しかし、そうなると、翻訳魔法を習得している魔術師を探さないといけない。だが、翻訳魔法を習得している魔術師は居るのだろうか? そもそも、翻訳魔法は人間が使えるのだろうか?
そう考えると、素直に地道に共有後の勉強をして、自分が自力で話せるようになる方がいっそはやいのかもしれない。
そんなふうに、一応の結論のような物を自分が出していると、目の前でなぜ一緒に何かに悩んでいたユーナさんが何か思いついたようだ。
「アラン メイレイ カリ ホウシュウ デキルカギリ ナンデモ」
と、神妙な表情で言ってきた。
「ただの狩りに行くだけで、何でも貰えるんですか? えらく太っ腹ですねアランさん」
抱えきれないほどの大金とか、金をはじめとした貴金属を山ほど。と、言っても通るのだろうか? いや、常識的に考えてそれは無理だろう。
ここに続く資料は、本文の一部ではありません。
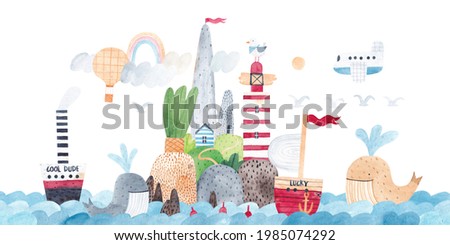 Cute island in the ocean. Sea port. Traveler's postcard. Painting for the children's room. Mountain landscape.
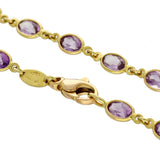 Pre-owned 18ct Yellow Gold Amethyst Yard Necklace Bezel Setting 20 Inch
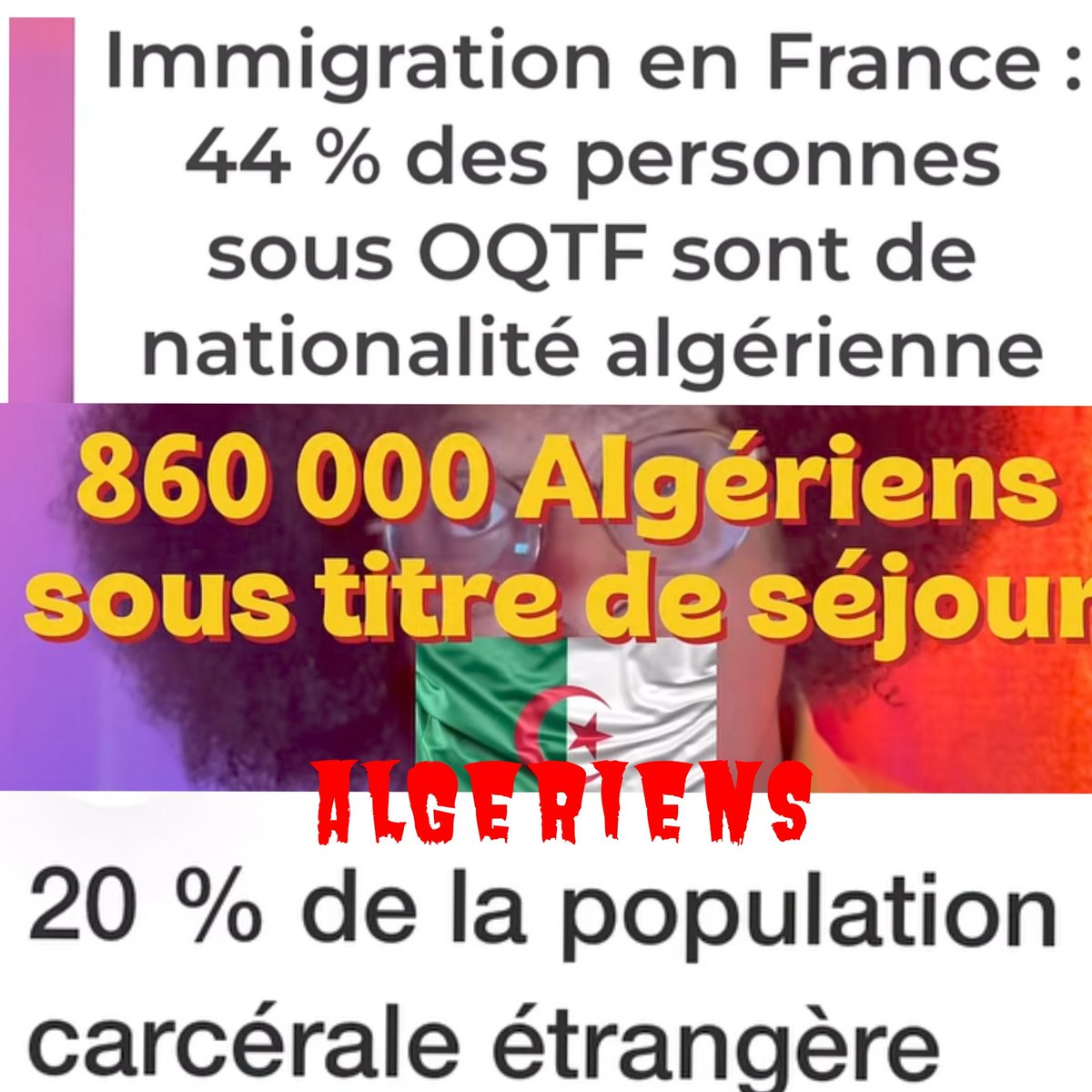 ElecReconquete's tweet image. 65 ans après la fin de la guerre et leur indépendance 🇩🇿, ils sont encore des millions chez nous, souvent sans aucun travail !
Qu'attendons-nous pour les remigrer chez eux en masse !?
#Algeriens #tebboune #alger #accordde1968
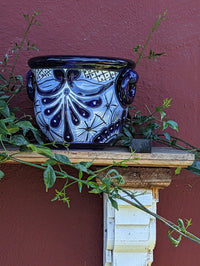 Blue Talavera Vase, Ceramic Mexican Pottery, Handmade Decorative Flower Vase, Colorful Home Decor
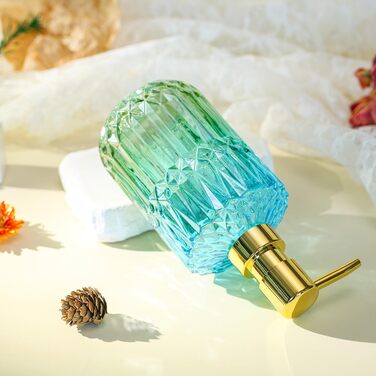 Скляний диспенсер для рідкого мила YunNasi - наповнюваний, для кухні, ванної кімнати, пральні (зелений, блакитно-зелений)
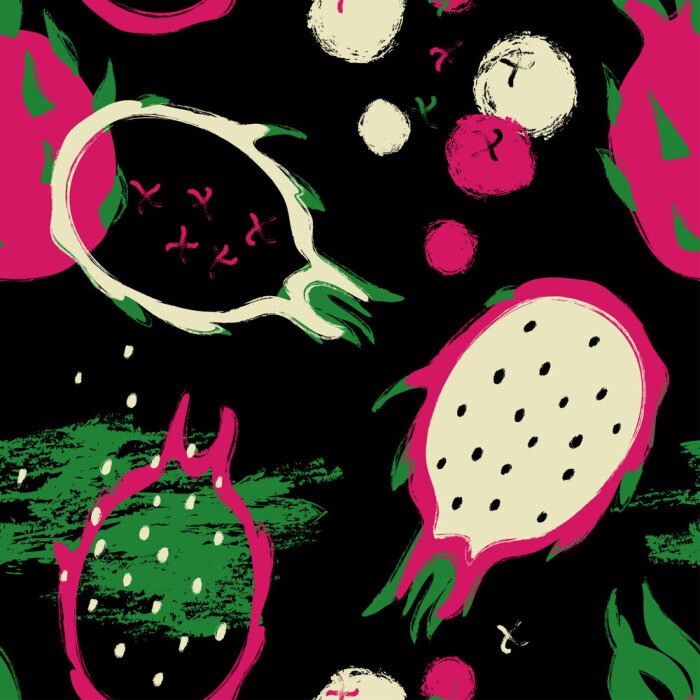 Tapete Drachenfrucht auf schwarzem Hintergrund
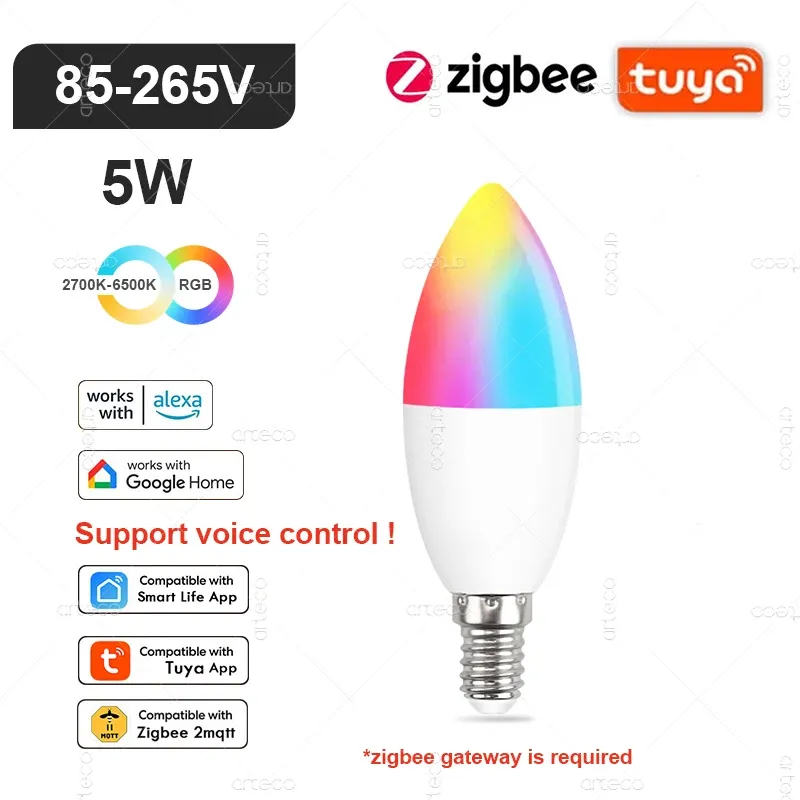 Ampoule LED intelligente Tuya E14 à intensité variable, WiFi, Zigbee et Bluetooth, 2700–6500 K, RVB, compatible Alexa et Google 7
「デキルカギリ セイコウ ホウシュウ ジョウホウ モラウ ミツカル デンセツ」
ふざけた考えを読まれていたかのように釘を刺された。やはり無茶ぶりは無しのようだ。しかし、迂遠な方法で情報を求めないといけないようだ。
「なるほど、成功報酬にそういう類の物を知っている奴を紹介しろ、と言えば良いんですね。でも、それくらいならユーナさんでもできるんじゃないんですか? それなりの地位に居るんでしょう?」
「ワタシ エライ ナイ アル エイユー カタガキ マダ グン ハイル ナイ」
そう言いながら今度は表情を硬くしてじっと自分の方を見つめながら話し始めた。
「あれ? ユーナさんはこの国のなかでも偉い方の人間なのでは?」
「……エライ ナル イマ エライ ナイ」
一瞬沈黙し、焦って居るのか、目をキョロキョロさせ手を弄りながらそう言った。
「はぁ……わかりました」
そう言うと、ユーナさんは狩りに行くのを了承した。と、取ったのか、さっきまでの動きと打って変わって「アリガトウ」と言って、嬉しそうな雰囲気で馬小屋を出て行った。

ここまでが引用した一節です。